◆ Your assignment: With pictures excluded, give again exactly the lines running from the one holding "Vestido Mini de" through the end of the listing below.

◆ Supplied material:
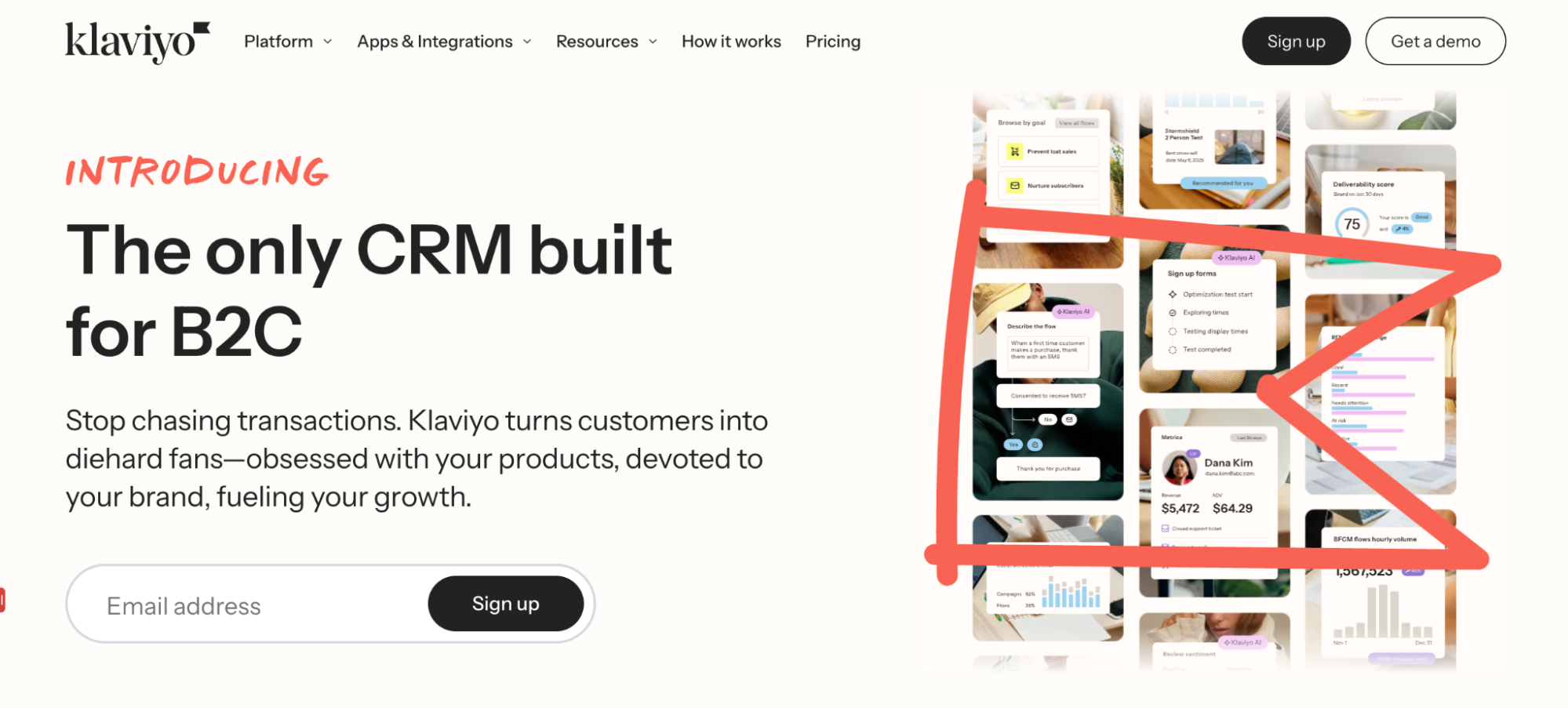 screenshot of klaviyo website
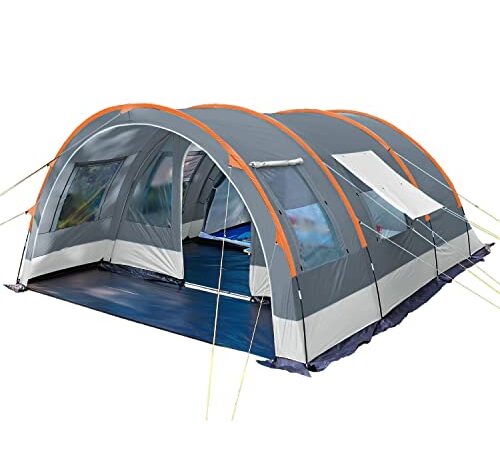 Skandika Helsinki - Tente de Camping familiale Tunnel - 525 x 410 cm - 6 Personnes - 5000 mm (Gris)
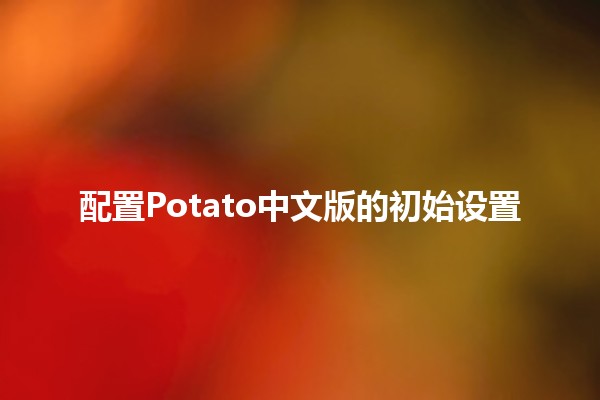 配置Potato中文版的初始设置 🌟🔥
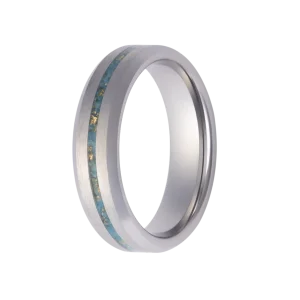 Tungsten and Crushed Turquoise Ring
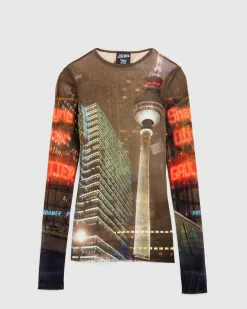 Jean Paul Gaultier Mesh Long-Sleeve Top Printed "City"- Tops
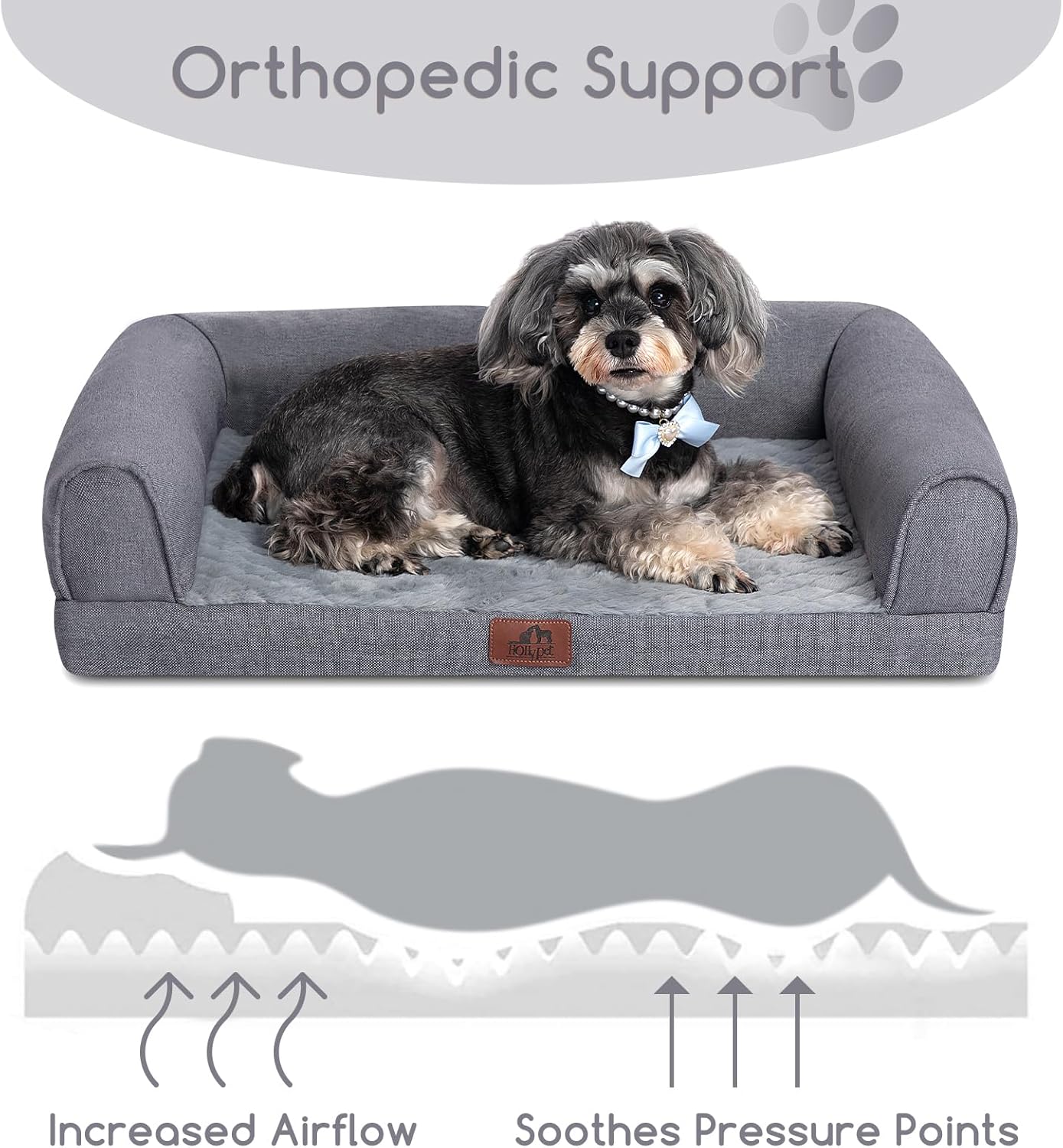 Hollypet Orthopedic Dog Bed for Medium Dogs, Supportive Foam Pet Couch with Removable Washable Cover and Non-Slip Bottom, Waterproof Lining Dog Sofa Bed, Gray, M (28 * 22.5 * 7.5)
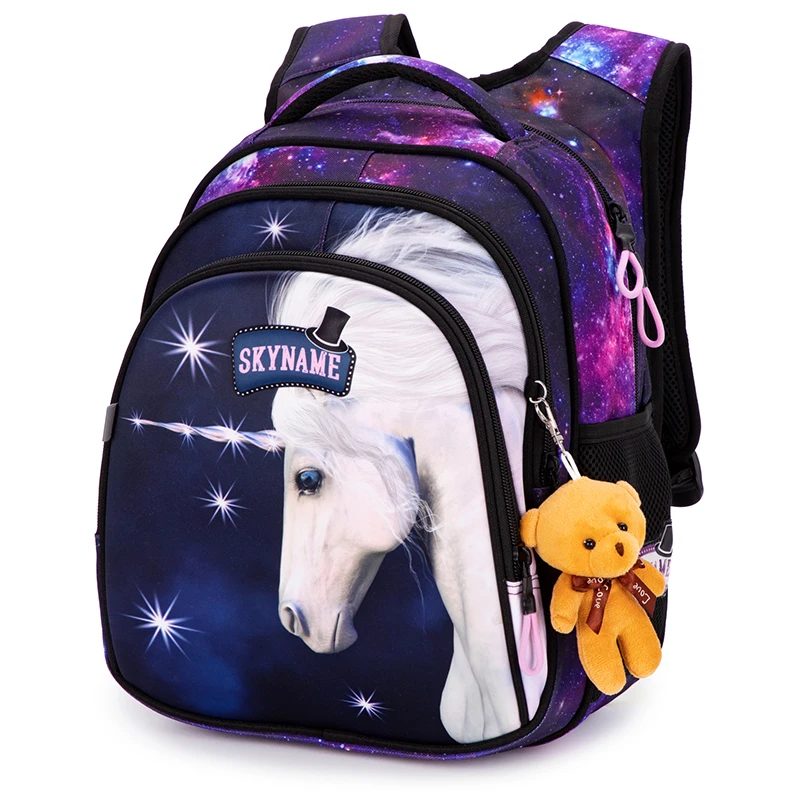 Mochilas escolares ortopédicas para niños, morrales impermeables de unicornio, morrales de hombro para estudiantes de primaria de 1-3 grados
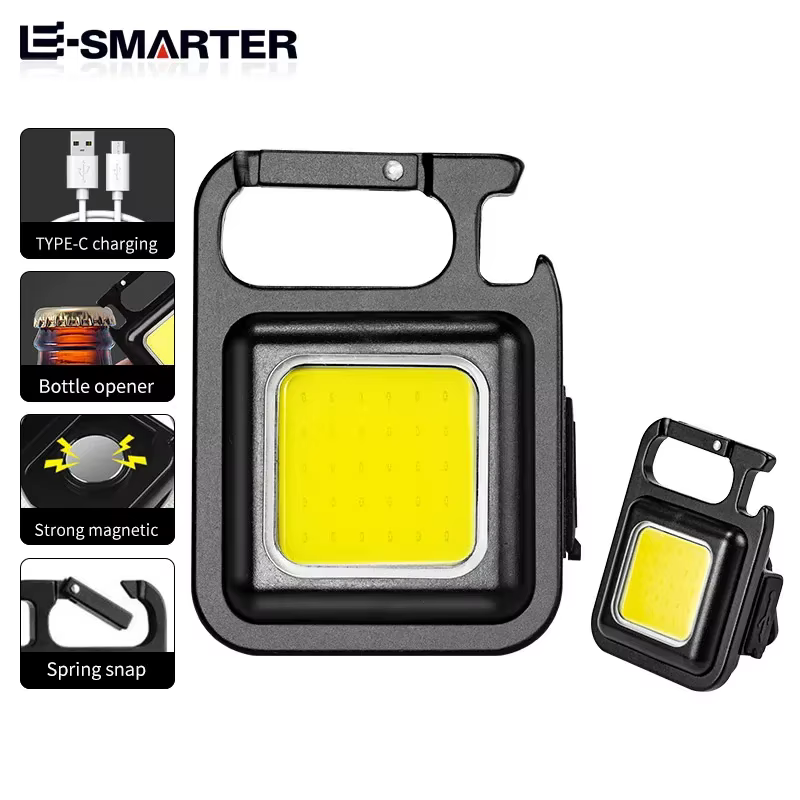 Lampe de poche COB Mini lampe porte-clés portable 4 éclairage torche EDC extérieur étanche d'urgence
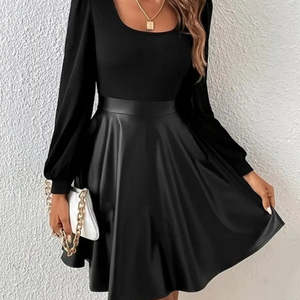 Vestido Mini de Viscosa con Cuello Cuadrado y Manga Larga para Mujer de Jane's - Elegante para Fiestas y Salidas Nocturnas - Product Image 2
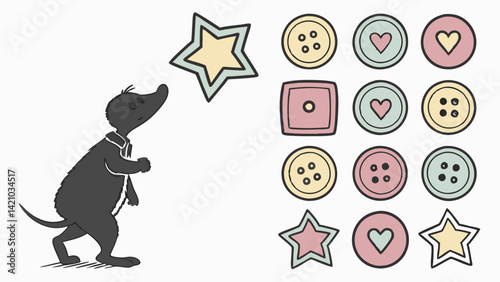 Cute Cartoon Puppy Star Heart Circle Square Sewing Buttons Kids Illustration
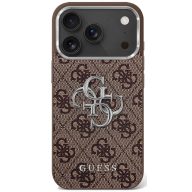  Guess 4G Big 4G Classic Logo Apple iPhone 17 hátlap tok kameravédő peremmel, barna-ezüst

◆ Response for this exercise:
 Vestido Mini de Viscosa con Cuello Cuadrado y Manga Larga para Mujer de Jane's - Elegante para Fiestas y Salidas Nocturnas - Product Image 2
 Cute Cartoon Puppy Star Heart Circle Square Sewing Buttons Kids Illustration
  Guess 4G Big 4G Classic Logo Apple iPhone 17 hátlap tok kameravédő peremmel, barna-ezüst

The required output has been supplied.